Was the zero day to blame at Equifax?
What an executive needs to know about the Equifax data breach
We have all read the headlines; Equifax was breached and your social security number, birthday, name, and a litany of other information is likely for sale to the highest bidder. Amidst the maelstrom of their confused and haphazard PR attempts to control the narrative their stock has plummeted and they have lost customer confidence.

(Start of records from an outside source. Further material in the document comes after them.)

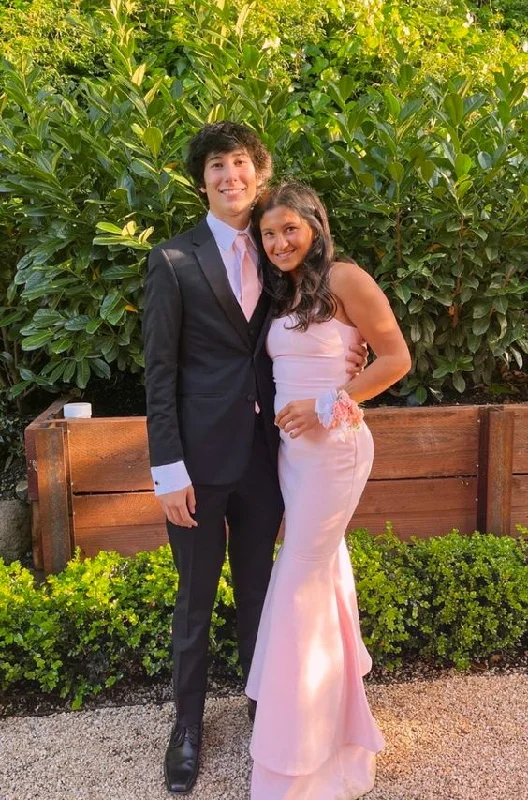 Bargain Prices fitted bodycon dressElegant Pink Mermaid Prom Dress,Pink Graduation Dress  Y4171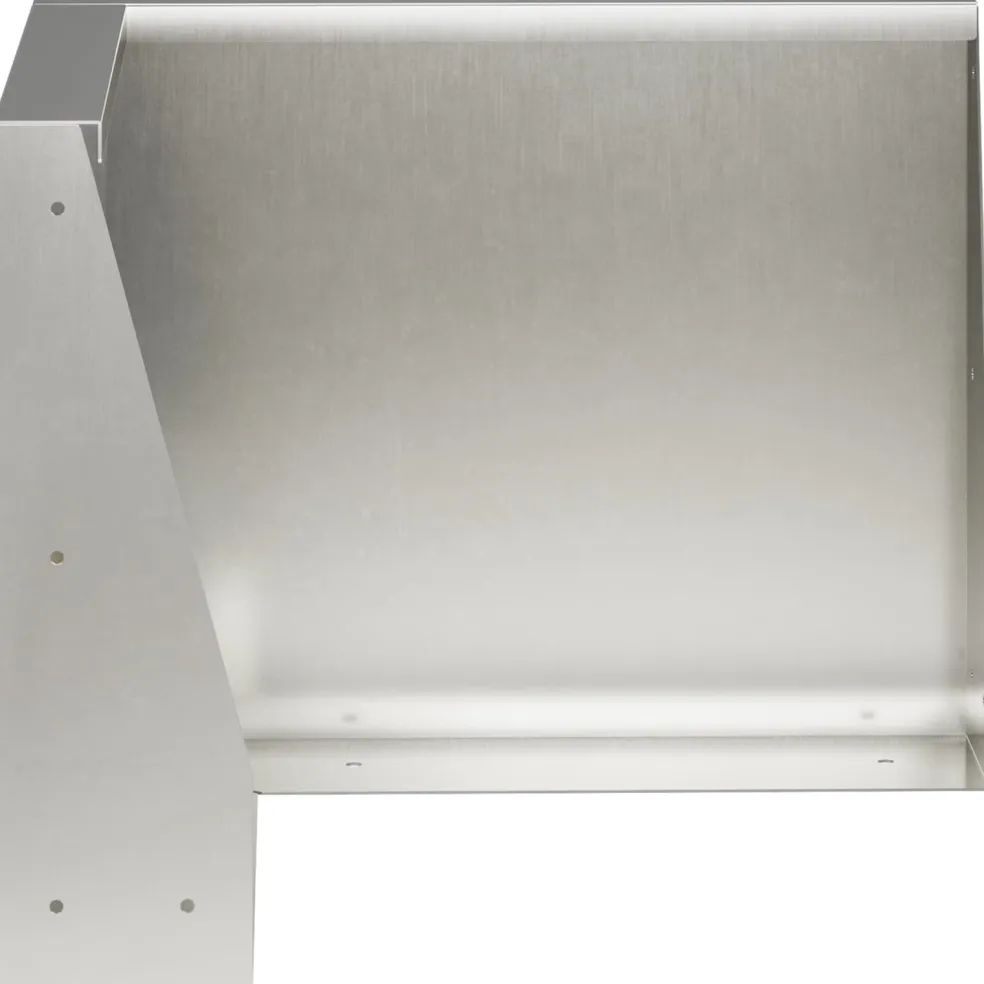 vidaXL Keerwand 50 x 50 x 30 cm Roestvrij staal zilver
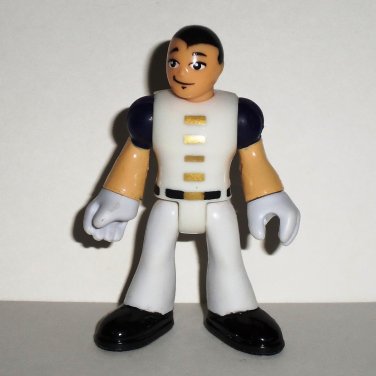 Fisher-Price Imaginext Man with White Blue Outfit Action Figure Loose Used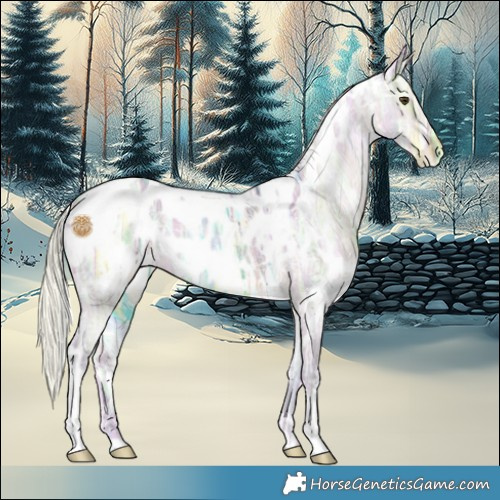Horse Color:Watercolor White Spotted Silver Brown Ice Dun Mushroom Appaloosa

If you read Equifax’s release on the subject they lay the fault for this breach at an Apache Struts vulnerability. It may seem attractive to react perhaps with an email to your IT security staff asking, “Do we use Apache Struts? Can this happen to us?”. However attractive that approach is, it completely misses the scope of the root cause. This was not a tactical issue surrounding the use of a particular vulnerable piece of software, instead it was a strategic failure of culture and focus.
The real questions are:
- Can this happen to my organization?
- How can I prevent this from happening at my organization?
The answers are:
- Almost certainly.
- Keep reading.
Make no mistake; the reason why 143 million consumers’ social security numbers are on sale on the dark web has very little to do with Apache Struts and everything to do with three items of IT culture:
- Deplorable Data Controls
- Minuscule Monitoring
- Checkbox IT Audits
Blaming Apache Struts for this breach is analogous to blaming a car with an empty oil pan for catastrophic failure. The issue is not the car; the issue is the driver who ran the engine while neglecting to check the oil and periodically take the car to a mechanic. Software has vulnerabilities. It is too complex to avoid them.
Every piece of software you use has critical security vulnerabilities. No one can rely on software being bereft of vulnerabilities in order to protect their assets.
Data controls are what prevent irresponsible IT “drivers” from driving without oil. Frequently referred to as roadblocks, they are instead risk-blocks that prevent costly breaches through preventing unsafe configurations. Just like car manuals or next-oil-change stickers, data controls are written policies adhered to by an organization because while they may slow deployment, the risk they reduce is more valuable than the immediacy of the “next big thing”.
Monitoring is what tells us that the oil is low and that current operation is permitting catastrophic failure. Just like a dipstick or check-engine light indicating imminent or current failure, monitoring would have alerted Equifax that their customers’ private data was being exfiltrated from their datacenter to reside on the dark web. Monitoring is what alerts us to breaches and warns us to turn off the car to prevent further damage.
Identical to taking your car to a mechanic for periodic checkups, thorough IT audits permit objective outsiders to assess the current status of your IT security posture. Instead of meaningful audits however, it is more frequent that only haphazard checkbox surveys are completed, leading over time to a decline in security posture due to ever-evolving threats. A trusted mechanic informs you of dangerous conditions early, inhibiting overall impact, a true IT security audit does the same.
Be an Agent of Change
Equifax rolled the dice with insufficient controls, monitoring, and auditing. For as long as we, the industry, treat these breaches as tactical situations (“Do we use struts?”) instead of strategic IT cultural issues, breaches will continue to grow in frequency and in magnitude.
How can you prevent this in your organization? Be an agent of change that affirms the necessity of strategic IT security focus instead of merely “latest breach” tactical response. Invest focus, initiative, and budget at an executive level in controls, monitoring, and external audits.